Find Number of Real roots of $x^{18}+e^{-x}+5x^2-2\cos x=0$
My try:
Let $$f(x)=x^{18}+e^{-x}+5x^2-2\cos x$$
I have used IVT and figured out that there is atleast one root in each of the intervals $(-1,0)$ and $(0,1)$
Since:
$$f(-1)\gt 0$$ $$f(0)\lt 0$$ $$f(1)\gt 0$$
But how to identify how many roots in each interval?
Not an answer but too long for a comment.
I really do not see how to answer the question beside continuing to divide the interval that is to say computing $f(-2^{-n})$ and $f(2^{-n})$. You will find a root between $-0.50$ and $-0.25$ and another one between $0.25$ and $0.50$. But the problem remains the same. For sure, you could repeat the problem changing the $2$ to any number $a>2$ but this is just inspection.
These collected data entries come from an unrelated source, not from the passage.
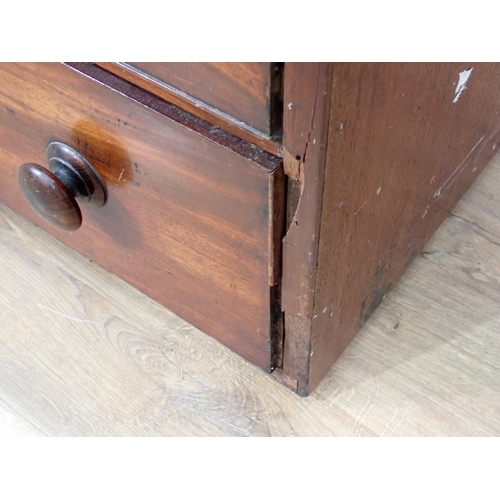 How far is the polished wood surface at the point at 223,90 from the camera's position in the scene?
1.41ft

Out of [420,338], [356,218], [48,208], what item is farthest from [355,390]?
[48,208]

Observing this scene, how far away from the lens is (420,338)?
71cm

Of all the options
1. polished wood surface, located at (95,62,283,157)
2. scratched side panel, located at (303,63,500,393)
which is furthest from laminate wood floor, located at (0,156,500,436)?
polished wood surface, located at (95,62,283,157)

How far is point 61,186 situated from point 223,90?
0.56 ft

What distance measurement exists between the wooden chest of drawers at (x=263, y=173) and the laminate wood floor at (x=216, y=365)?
0.03 meters

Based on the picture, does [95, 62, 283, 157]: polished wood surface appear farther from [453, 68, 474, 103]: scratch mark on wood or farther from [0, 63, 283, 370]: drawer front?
[453, 68, 474, 103]: scratch mark on wood

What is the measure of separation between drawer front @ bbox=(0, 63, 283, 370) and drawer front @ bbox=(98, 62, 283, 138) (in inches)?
0.6

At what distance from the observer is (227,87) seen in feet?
1.47

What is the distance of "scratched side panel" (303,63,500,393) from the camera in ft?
1.48

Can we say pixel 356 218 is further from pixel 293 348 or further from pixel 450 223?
pixel 450 223

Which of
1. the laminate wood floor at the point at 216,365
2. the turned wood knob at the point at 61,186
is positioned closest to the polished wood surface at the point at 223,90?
the turned wood knob at the point at 61,186

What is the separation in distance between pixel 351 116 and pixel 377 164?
0.27 ft

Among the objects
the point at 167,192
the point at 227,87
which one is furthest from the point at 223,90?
the point at 167,192

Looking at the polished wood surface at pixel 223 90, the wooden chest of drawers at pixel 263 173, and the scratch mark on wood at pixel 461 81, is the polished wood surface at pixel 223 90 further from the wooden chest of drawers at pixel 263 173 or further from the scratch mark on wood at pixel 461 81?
the scratch mark on wood at pixel 461 81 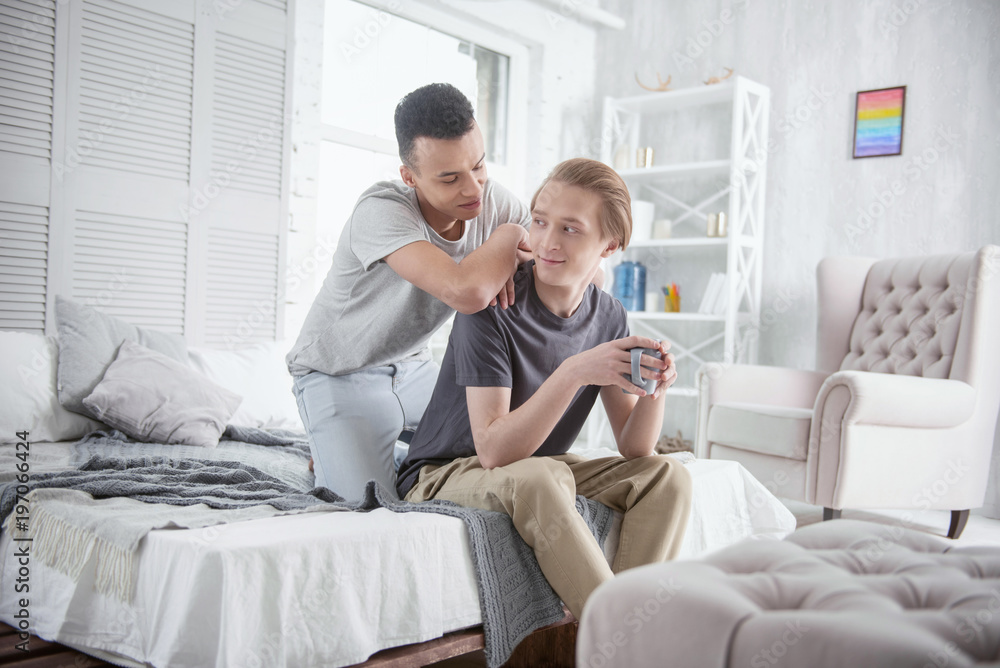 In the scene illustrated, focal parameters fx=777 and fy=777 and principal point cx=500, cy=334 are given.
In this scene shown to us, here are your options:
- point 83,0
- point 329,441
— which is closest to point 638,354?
point 329,441

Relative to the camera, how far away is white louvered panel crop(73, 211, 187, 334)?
9.43 ft

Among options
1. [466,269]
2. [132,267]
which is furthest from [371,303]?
[132,267]

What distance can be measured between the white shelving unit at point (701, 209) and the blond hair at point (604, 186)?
2.70m

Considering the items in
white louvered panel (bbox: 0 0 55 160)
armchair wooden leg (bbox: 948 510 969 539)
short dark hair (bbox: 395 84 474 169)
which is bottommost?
armchair wooden leg (bbox: 948 510 969 539)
What is "amazing" is that if you make the Taylor series of the monster around $x=0$, you should get $$f(x)\sim -1-x+\frac{13 }{2}x^2+O\left(x^3\right)$$ Ignoring the higher order terms, this would give $$x_1=-\frac{1}{13} \left(3 \sqrt{3}-1\right)\approx -0.322780$$ $$x_2=\frac{1}{13} \left(3 \sqrt{3}+1\right)\approx 0.476627$$ while the "exact" solutions, obtained using Newton method, are $-0.32179$ and $0.480627$.
Pushing the expansion to $O\left(x^4\right)$, you would need to solve a cubic and the solutions would be $-0.321712$ and $0.480162$.